Estudantes de escolas públicas dos condados Manatee e Duval, da Flórida, se depararam, no início do mês de fevereiro, com uma cena inusitada para uma instituição de ensino: as estantes de livros das salas de aulas estavam vazias ou cobertas com um pano. O “desaparecimento” das obras literárias ocorreu após entrar em vigor uma nova lei do estado, que determina uma revisão dos livros para que se enquadre em certos critérios.
A lei, que foi proposta e aprovada pela Câmara da Flórida, entrou em vigor em julho de 2022, mas não havia sido, até então, regulamentada. A legislação determina que livros escolares sejam apropriados para a idade, livres de pornografia e “adequados às necessidades dos alunos” — o último ponto é visto como abrangente e carente de definição explícita para que não haja o descumprimento da ordem sem ter a intenção disso.
Diferente do entendido quando a lei foi sancionada, bibliotecas privadas construídas por professores para as turmas que ensinam também devem obedecer às regras.
Os títulos devem ser analisados e aprovados por um especialista em mídia escolar qualificado, que, de acordo com a lei, deve passar por um treinamento fornecido pelo estado.
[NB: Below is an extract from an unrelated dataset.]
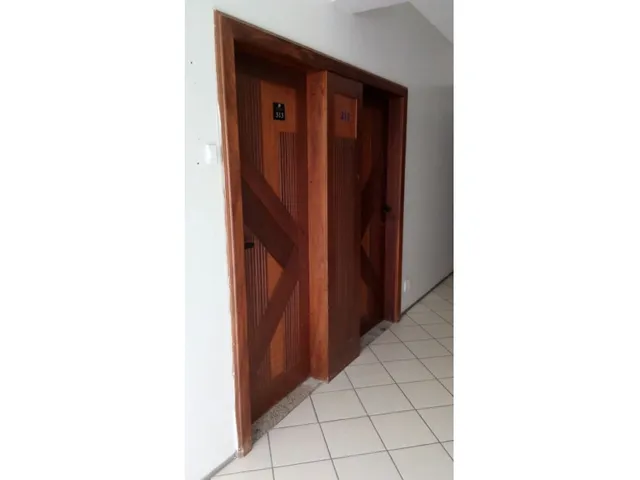 Imagem 8: Alugam-Se Salas Comerciais na Av.castelo Branco, São Francisco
No entanto, até janeiro, o Departamento de Educação da Flórida não promoveu o treinamento, o que prejudicou a renovação de livros para centenas de escolas do estado.
O “cerco” contra os educadores foi apertado em janeiro, quando ordens do governo de cada condado, enviadas por ofício obtido pelo The Post, ordenou que professores que mantêm bibliotecas nas salas de aula deveriam “remover ou cobrir todos os materiais que não foram examinados”.
Uma porta-voz do Departamento de Educação da Flórida afirmou que o descumprimento da ordem configura crime de terceiro grau, no qual o professor pode ser condenado a até cinco anos de prisão e uma multa de US$ 5 mil.
O documento do condado de Manatee diz ainda que após os títulos serem “revisados por um especialista em mídia treinado pelo Departamento de Educação da Flórida”, serão “apresentados e aprovados” em uma reunião especial da escola e, por fim, “será assinada a liberação do diretor” para as obras.
Ao receber o comunicado, os educadores do condado de Manatee enviaram à superintendente local, Cynthia Saunders, preocupações sobre a ação e perguntas sobre o período da qual a sanção iria durar.
Em resposta, Cynthia lembrou que violar a lei trará à ficha criminal do professor um crime de terceiro grau e que “estamos buscando voluntários para ajudar na verificação e compilação de uma lista de sites para que os livros possam ser devolvidos às bibliotecas de sala de aula”.
Situação semelhante ocorreu no condado de Duval. O distrito publicou um comunicado em 23 de janeiro, no qual informou como será o processo de revisão. “Após o treinamento e orientação recentes do estado, as escolas públicas do Condado de Duval agora realizaram uma revisão formal das bibliotecas de sala de aula”, disse o anúncio.
Dois dias depois, o distrito disponibilizou às escolas links de um vídeo de sete minutos, não listado no Youtube, no qual a diretora acadêmica Paula Renfro anunciou que “as bibliotecas de sala de aula serão temporariamente reduzidas para incluir apenas livros que foram aprovados por especialistas em mídia certificados e livros que estão na lista aprovada pelo estado”.
“Enquanto isso, os livros que não estão na lista aprovada pelo distrito ou não aprovados por um especialista certificado em mídia precisam ser cobertos ou armazenados e pausados para uso dos alunos”, acrescentou a diretora.
A presidente da Associação Educacional de Manatee, Pat Barber, contou ao The Post sobre inúmeras preocupações enviadas por professores à instituição. Barber diz que os educadores estão “angustiados” com a ideia de possivelmente serem multados e condenados à prisão por indicarem livros para os alunos.
“E se eles forem obrigados a examinar todos os livros em suas bibliotecas de sala de aula, de onde virá o tempo? Estamos falando, para algumas pessoas, de milhares de livros porque desenvolveram essas bibliotecas ao longo dos anos”, pontuou Barber.
Informações recebidas pelo conselho da Associação de Mídia para Educação da Flórida relatam o sofrimento de crianças que imploram para os diretores da instituição a reversão da retirada dos livros da sala de aula. “Em uma escola, as crianças começaram a chorar e escrever cartas para o diretor, dizendo: 'Por favor, não pegue meus livros, por favor, não faça isso”, contou Marie Masferrer, membro do conselho.